Just this afternoon, I ended up at the Finnish première of Rhys Chatham's Two Gongs, in a performance held in an art gallery downtown. It was an impressive piece, all the more so that Chatham wrote at in his teens. Such an idea would never have even occurred to me at that age, and I wouldn't have seen the sense in it even if I'd heard the piece back then. Leaving aside the various problems I had with it as a composition, most of them having to do with the teeth-rattling dynamic levels, it was phenomenal. The waves of sound emanating from the gongs made a hard-hitting, physical impact. The semi-randomized patterns of harmonics and pulses resulting from various playing techniques were endlessly absorbing. Even jamming my fingers into my ears to preserve my hearing produced fascinating textural results. Overall, I'm glad I went. And yet…
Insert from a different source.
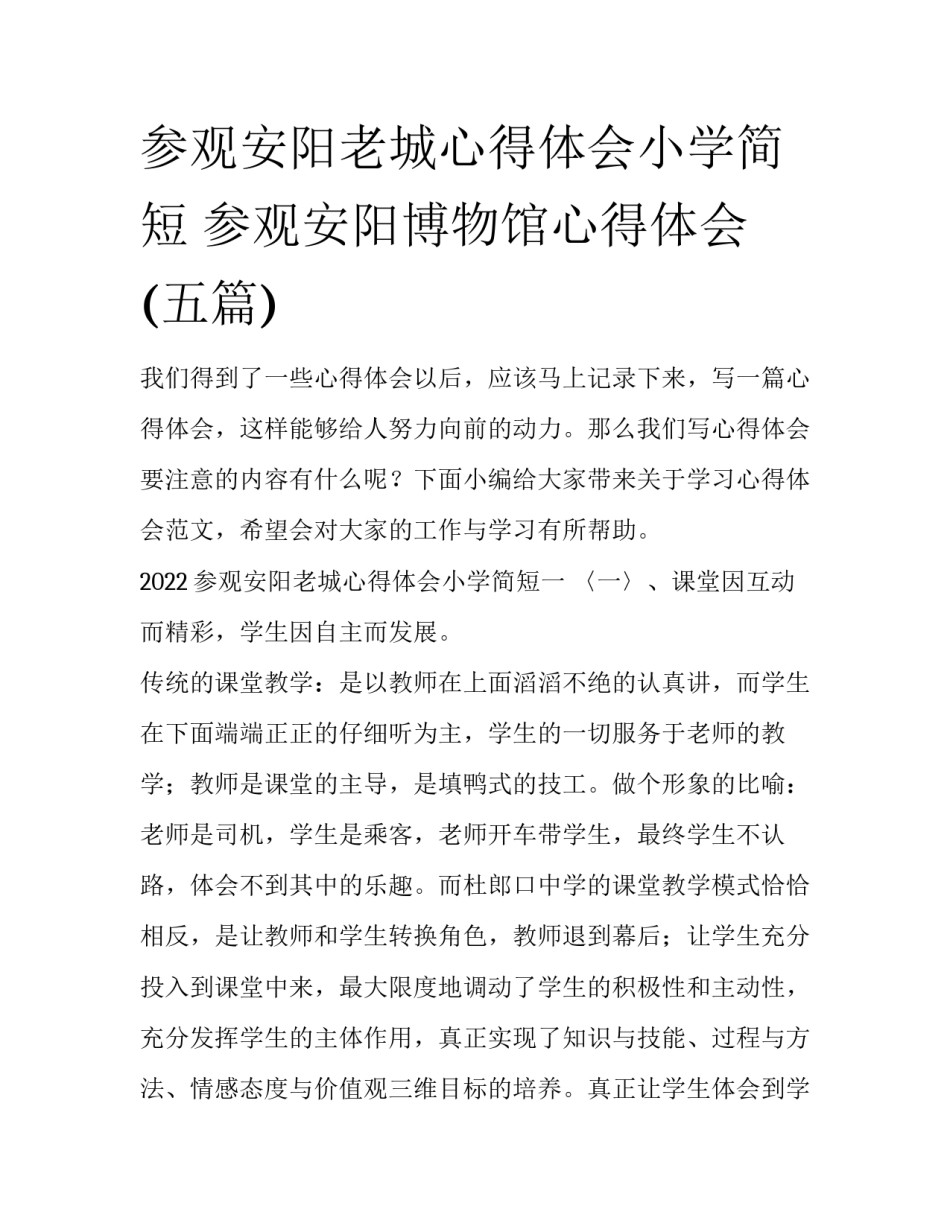 参观安阳老城心得体会小学简短 参观安阳博物馆心得体会(五篇)_第1页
It should have been the perfect environment for this music: a high ceilinged, resonant chamber with plenty of natural light filtering in, a few chairs for the audience, and some pretty paintings hanging on the walls. But the performance was endlessly marred by the attitude of the museum-goers who weren't listening to the concert. People, mostly middle-aged and older, strode around the gallery where the concert took place, looking at paintings, fingers stuffed theatrically in their ears, even deliberately crossing the space between the audience and the performers, staring us down with defiant, fuck-you expressions on their faces, as if to challenge our willingness to sit there listening to this horrible music, saying "we paid to get into this exhibit and see these paintings, and we're not going to acknowledge that there's any kind of performance going on, so deal with it." They'd leave the room and immediately begin having loud conversations just outside the open doorway. It made it impossible to focus on those slowly-evolving, iridescent patterns, which was the entire point of the piece.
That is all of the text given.